Our proposed hardware, shown in Figure 4.14, uses a Bloom filter (to summarize RI), a counter to determine |RI|, and set-sampling logic. We use a 1024-bit parallel Bloom filter [187] with two H<sub>3</sub> hash functions [42] and a 9-bit counter. The Bloom filter can be at most half-full (512 elements) before being reset. Larger Bloom filters can be used to reduce aliasing errors at the cost of more area/power overhead. The hardware uses a combination of set sampling and time sampling techniques [129, 132, 133, 172, 222]. It works as follows:

1. **Sample Initiation**: The Control Logic initializes the Set Filter to match a single set

of a cache with  $S=2^{10}$ . It chooses this value by first time-sampling the incoming address stream (10% selectivity) and then choosing the set number of the chosen address as the value for the Set Filter. It also saves this address in the Reference address register.

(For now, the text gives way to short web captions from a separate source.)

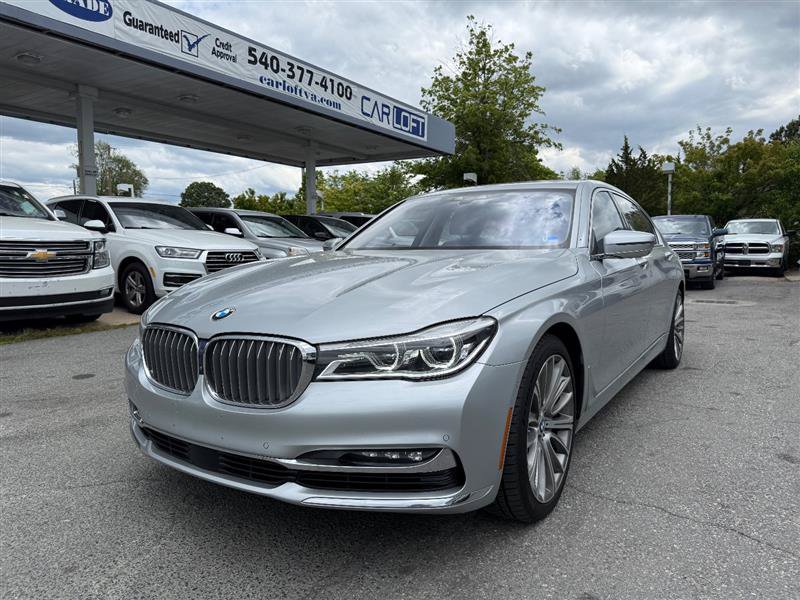 Used 2018 BMW 750Li xDrive AWD/4WD image 1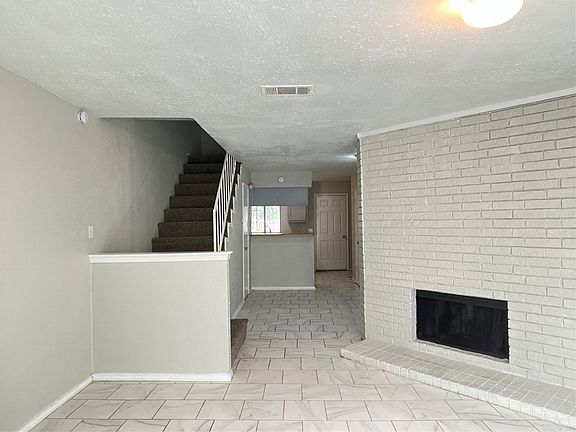 4th image of 2137 Aspen St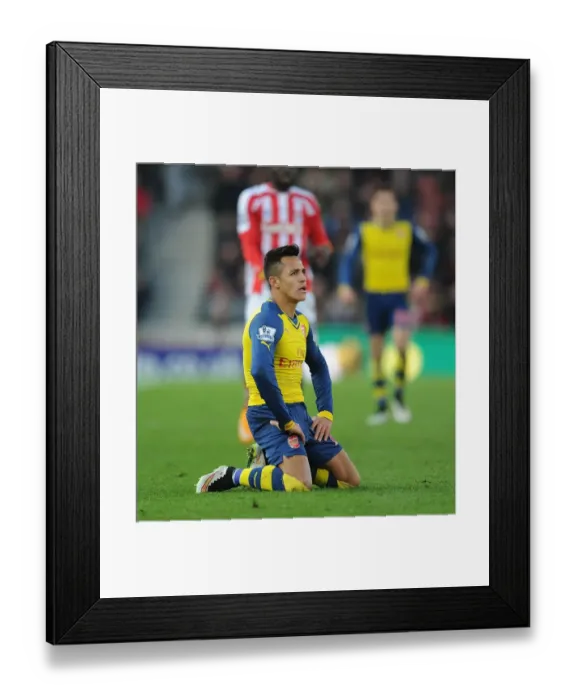 Framed Print : Alexis Sanchez in Action: Arsenal vs Stoke City, Premier League 2014-15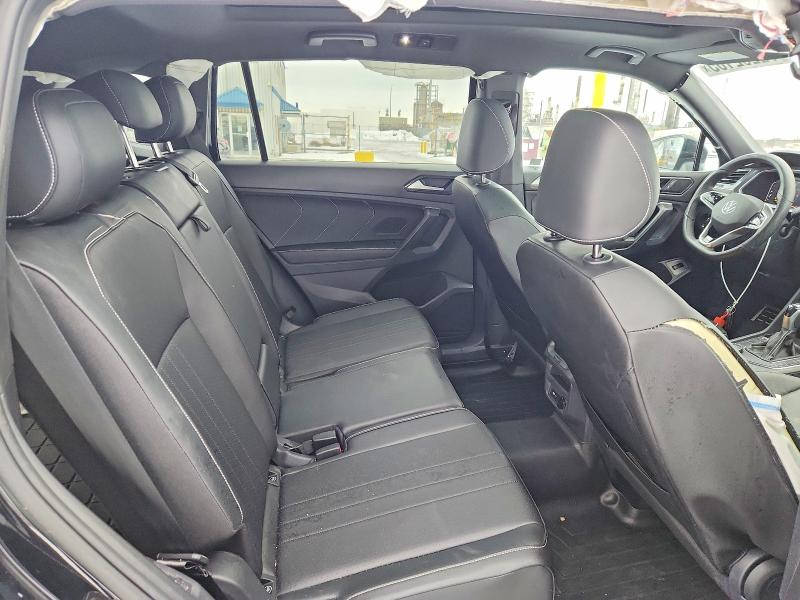 72262165 :رقم المزاد ، 3VV8B7AX4PM142183 vin ، 2023 Volkswagen Tiguan مزاد بيع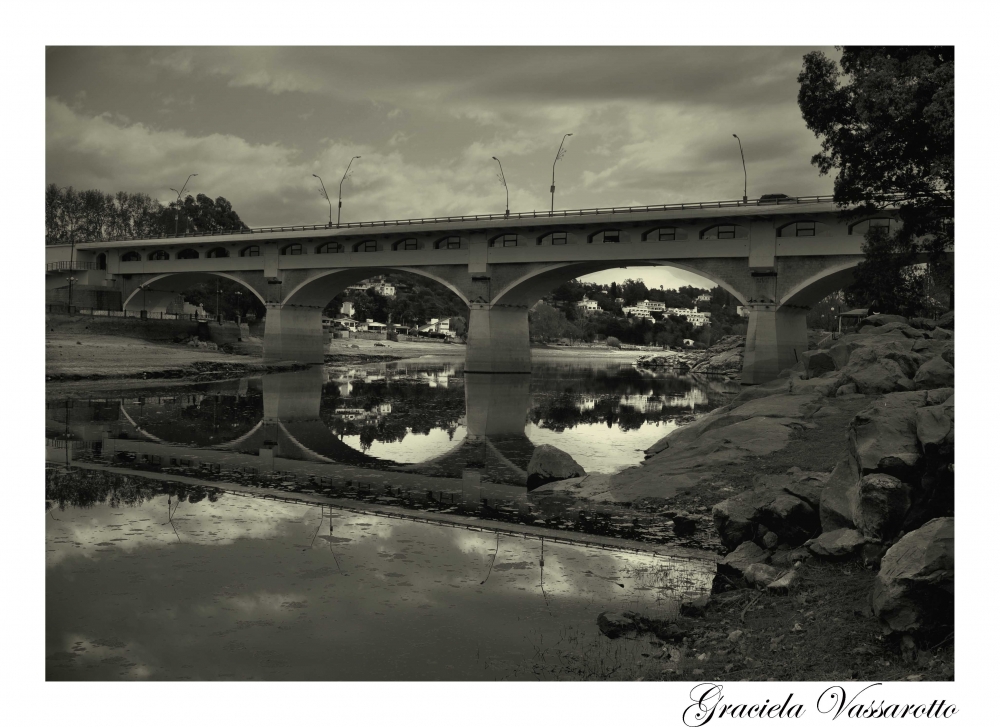 "`Cruzare puentes...abrire puertas`" de Graciela Del Rosario Vassarotto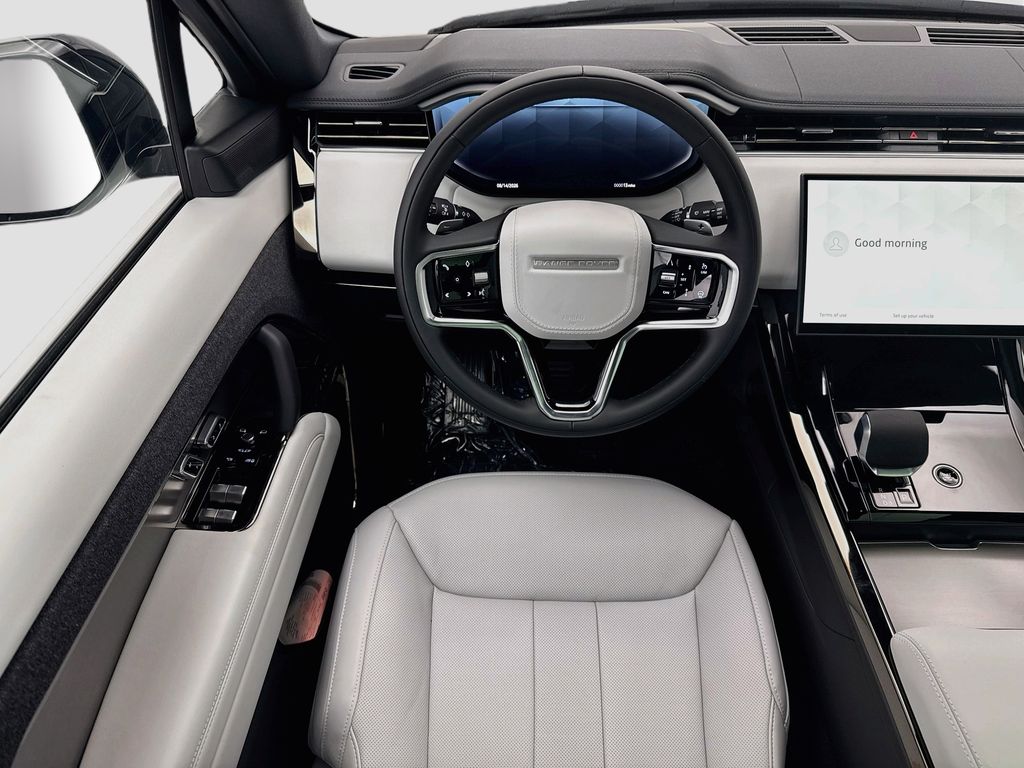 Thumbnail: 2026 Land Rover Range Rover Sport - 10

- 2. **Sample Continuation**: The Control Logic inspects (see step 3) each address that passes through the Set Filter. Then it inserts the address into the Bloom Filter and increments the 9-bit Counter provided that the Bloom Filter does not return a match (already seen) for the address.
- 3. **Sample Termination**: This happens in one of two cases—(i) the reference address is seen again, or (ii) the maximum value (511) for the 9-bit counter is reached before inserting another new element. For case (i), the Control Logic increments the entry (whose position matches the 9-bit Counter value) in the Histogram array. For both cases, it transitions to Sample Initiation mode.

The above process is repeated. Each sequence of steps 1–3 estimates the reuse distance of a single address in the address stream. This value is between 0–511 (both inclusive) or considered as  $\infty$  ( $\geqslant$  512) otherwise. A separate counter (not shown) tracks the total number of measurements. This value, together with the histogram entries, is used to estimate  $\mathbf{r}(2^{10})$ .

The technique can be generalized to estimate  $\mathbf{r}(2^x)$  by sizing the Bloom filter, histogram, and set filter appropriately.

#### 4.6.1.1 Bloom Filter Analysis

The Bloom Filter is used to estimate the number of unique addresses. Here we analyze its performance by comparing three kinds of filters:



Figure 4.15: Probability of false hit in a 1024-bit Bloom filter with 2 hash functions.

- 1. **E** (Exact): This assumes that the addresses are fully tracked so that the estimation of the number of unique addresses is accurate.
- 2. **B** (Bloom): This uses traditional Bloom Filters. Addresses are not fully tracked, but represented by a few bits (2 bits in our study). Aliasing (same bits set for different addresses) may result in under-reporting of the number of unique addresses seen. This shortens the reuse distance measured.
- 3. **CB** (Bloom with Correction): This uses traditional Bloom Filters, but applies a correction term, based on the expected number of false aliases, to the measured reuse distance.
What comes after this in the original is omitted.